James Howison has made a workflow diagram comparing metadata management for academic papers with the systems available for music files. I've made a different version of the academic part of this, because there are a lot of gaps that can already be filled in (and I don't need much incentive to play with OmniGraffle) - click for the PDF:
The main point is that you don't need metadata attached to the PDF when you have a fulltext index, a simple filing system and a bibliographic manager (and if you did, it's not too hard to write a script that will fetch the metadata from PubMed and put it into the PDF Info Dictionary).
Comments
All fields are optional, email address will not be shown; no HTML, URLs are automatically hyperlinked.


Metadata is always good for you to share with other people. I don't believe that everyone can follow your workflow. However I found that this workflow works for me. :-D
I like it ;) The key thing for me is that the current situation doesn't let others leverage the efforts you make ... I'm hoping for a metadata lookup service that can take the file and return the metadata ... ideally adding it to the file in a standard manner. Like CDDB for academic papers ... (without the ripping off the contributors bit!)
And I found that it really isn't as easy as one would think to add metadata to PDF files.
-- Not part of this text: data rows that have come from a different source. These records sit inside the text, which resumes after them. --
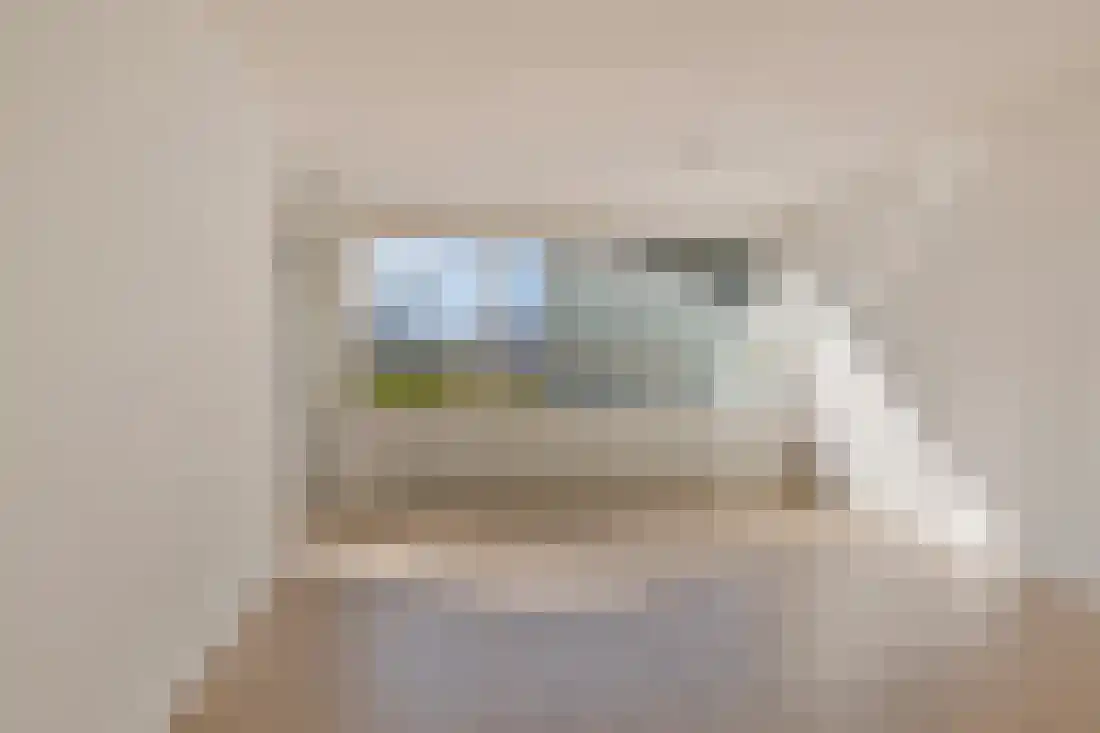 Karel Doormanstraat 93 Rotterdam thumbnail 8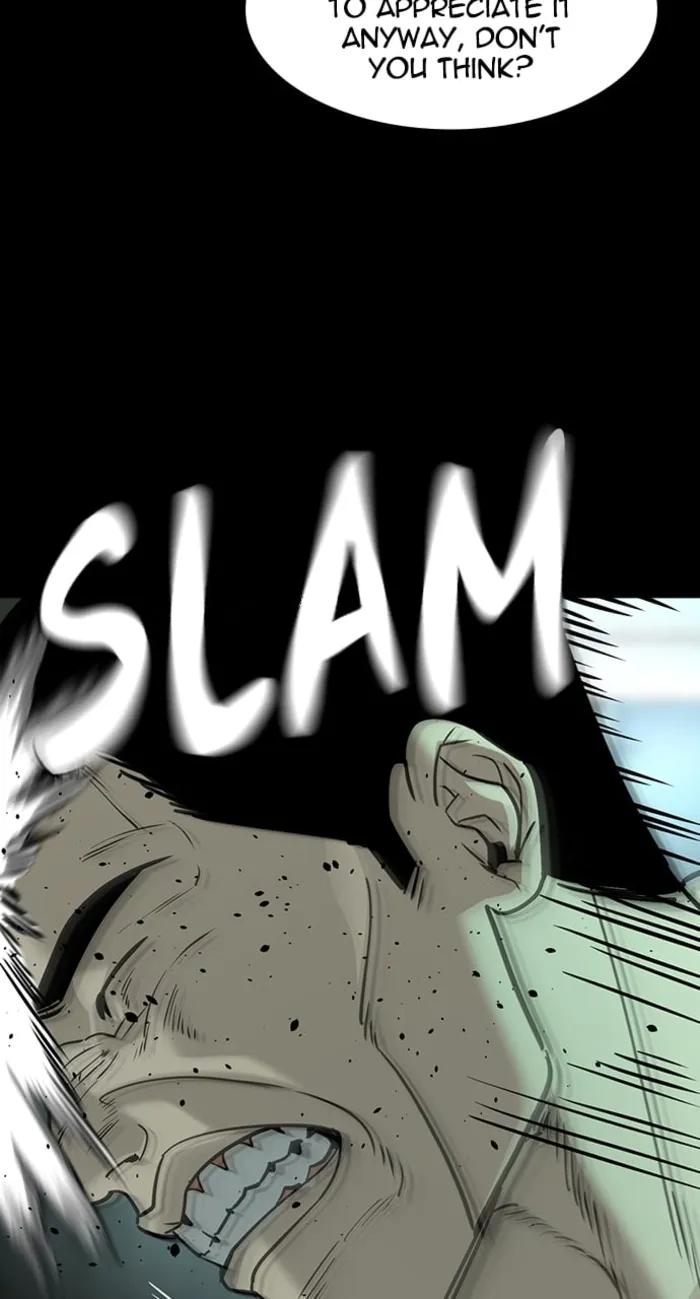 Page 64 of Chapter 27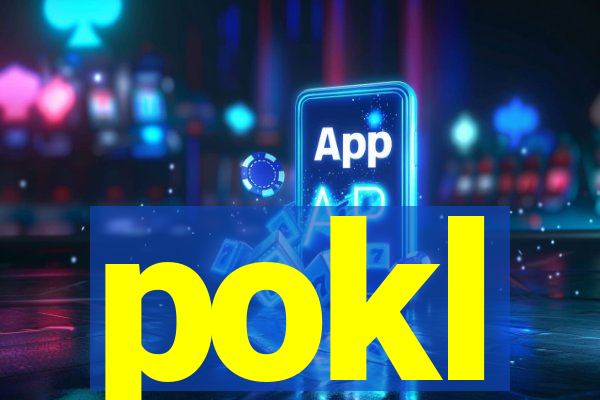 pokl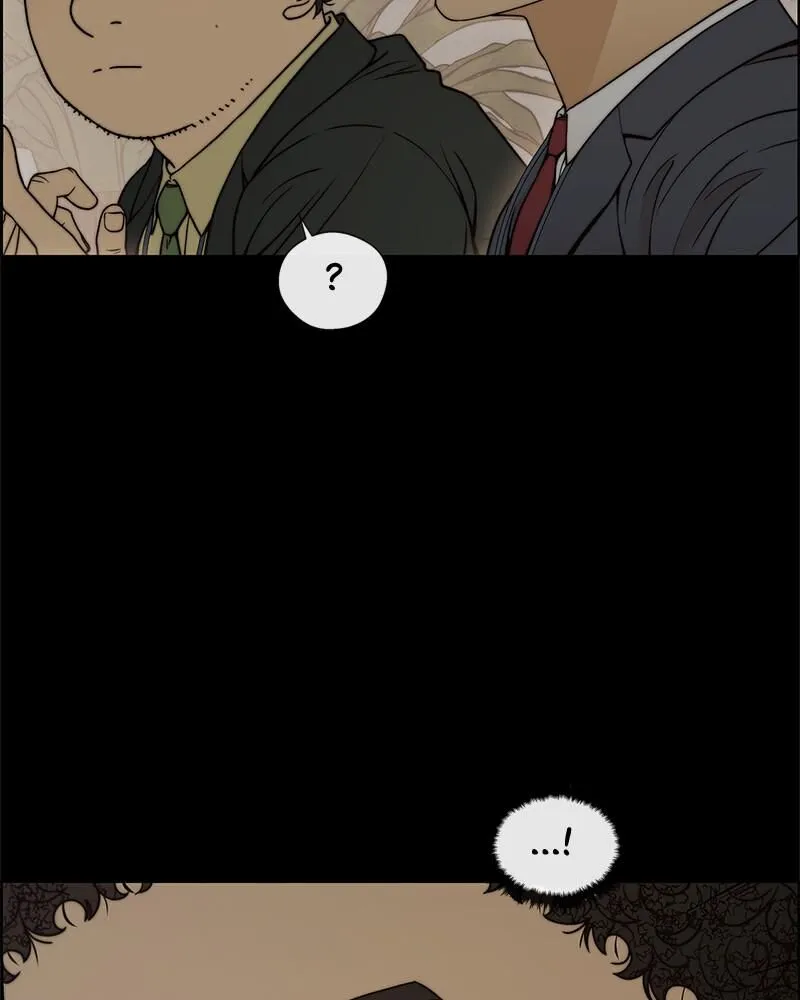 Read A Mans Man EN Manga Online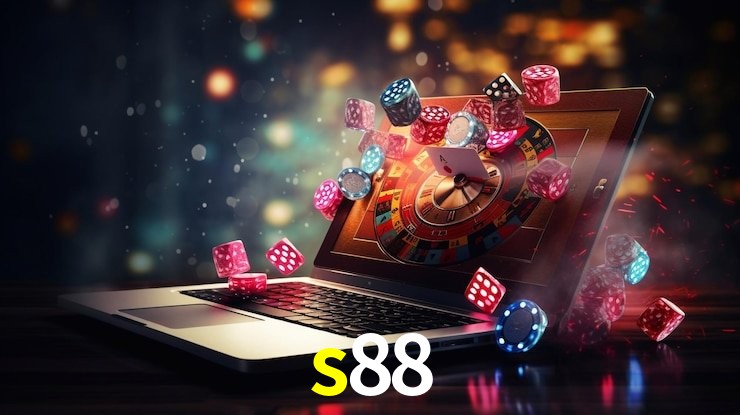 s88 FAQ — suporte e ajuda no aplicativo oficial
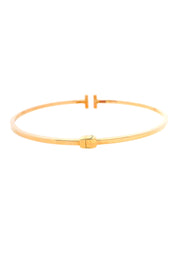 Gold Bracelet (GB-11472)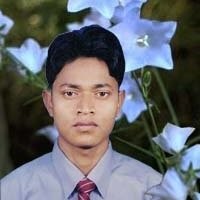Peter Tudu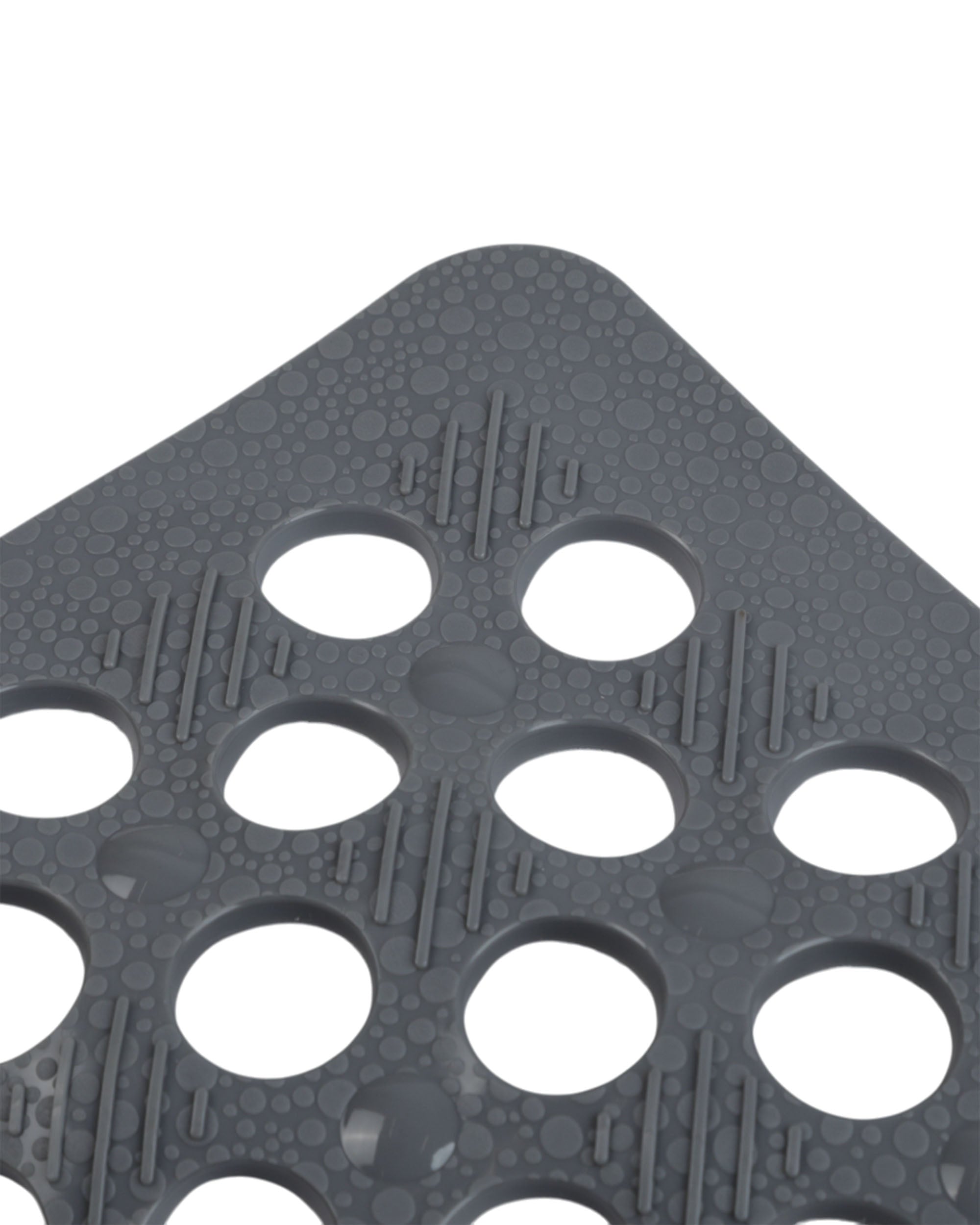 Bathmat Hole 50*50 CM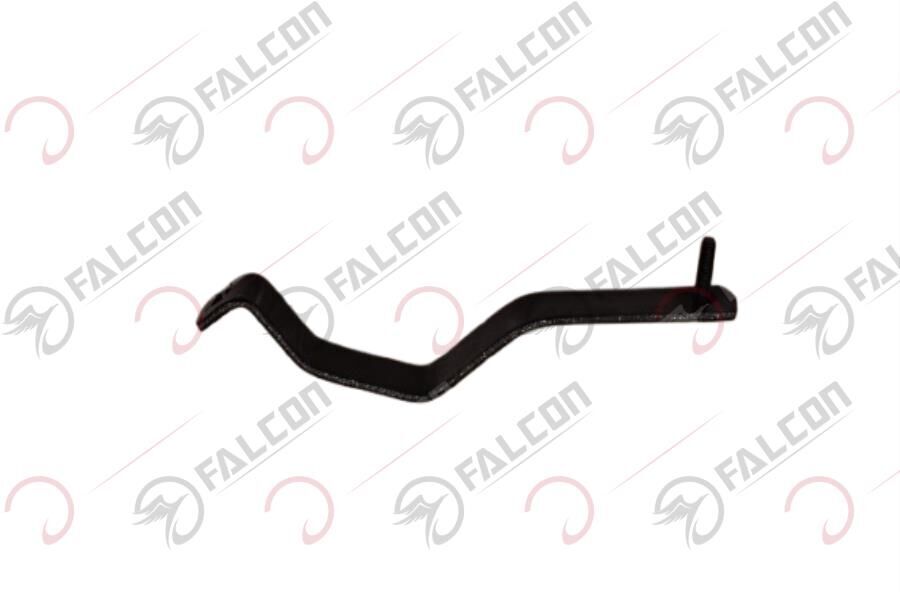 ÖN KORUMA DEMİRİ BAĞLANTI BRAKETİ - QUICK 50 Falcon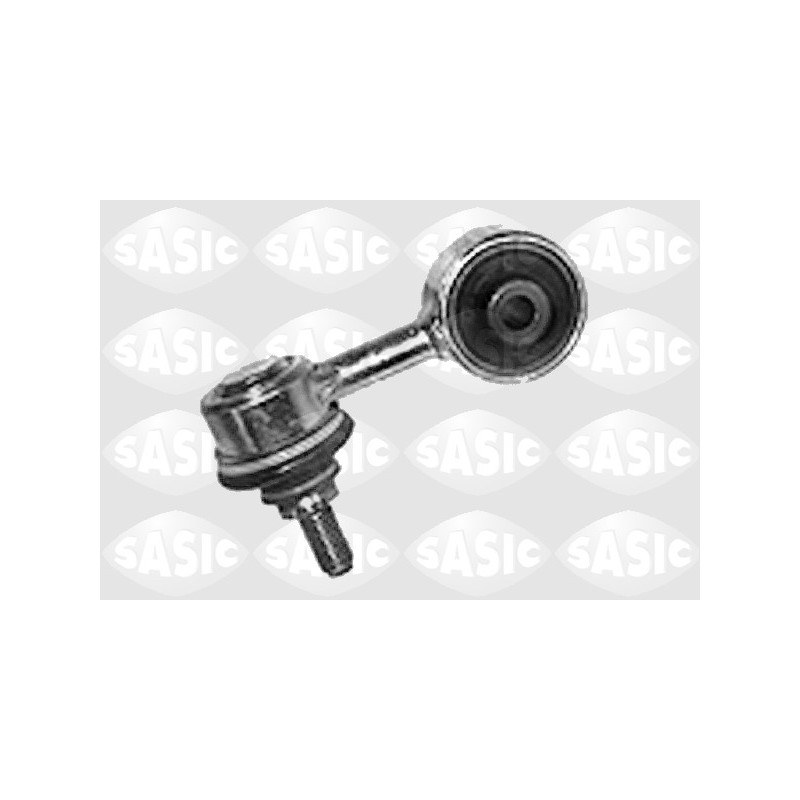 Biellette Barre Stabilisatrice Avant Pour BMW Série 3 E30 E36 31351091764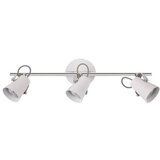 spot lampa FG102-3 wh  spot lampa FG102-3 wh Slike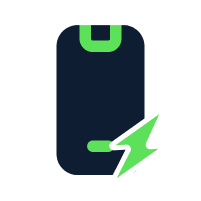tt-icon-1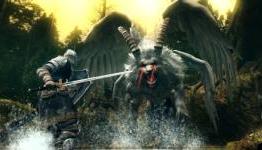 Dark Souls: Prepare to Die Edition System Requirements Revealed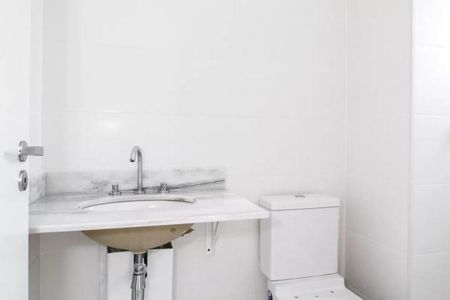 Apartamento à venda com 3 quartos, 145m² em Sumarezinho, São Paulo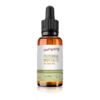He Shou Wu (Polygonum Root or Fo-Ti) - Liquid Extract (Tincture)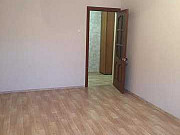 1-комнатная квартира, 40 м², 9/10 эт. Тольятти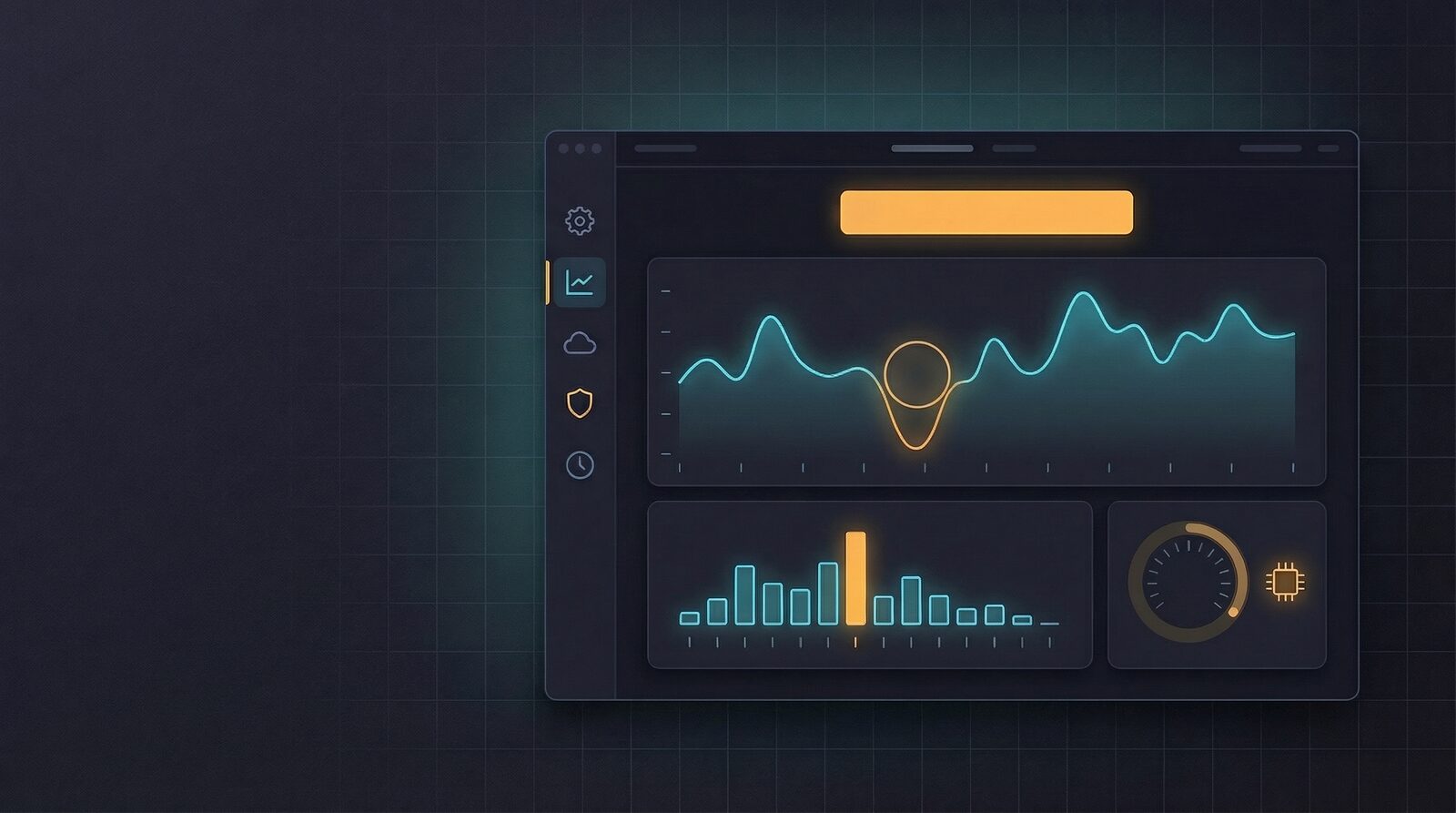 Mission Control alert — rate limits detected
I blogged my (admitted unskilled) efforts here: http://shangorilla.syr.edu/themp/
The long-term good approach of XMP is it seems currently impossible without the for-pay adobe libraries while the good hack of putting bibtex into the document info dictionary can be done in perl (although it is slow because it loads the whole pdf) but not, AFAIK, in C for free ... but I'd love to be proven wrong!
James, I was going to say that I used Win32::OLE to add to the Info Dictionary and that you can manage that metadata using PDF Explorer (on Windows), but I found that I already made that comment on your post in October :)
http://shangorilla.syr.edu/archives/themp/000206.html
PDF::API2 does seem like a better way to do it, anyway. However, I'm still not convinced that a centralised metadata database, keyed perhaps on the DOI number of a particular document, is necessary. Wouldn't it be easier to contact the publishers and ask them to add the metadata in bulk to all their PDFs?
Perhaps they could even use XMP, but then you'd have to find a program that could read and organise the data.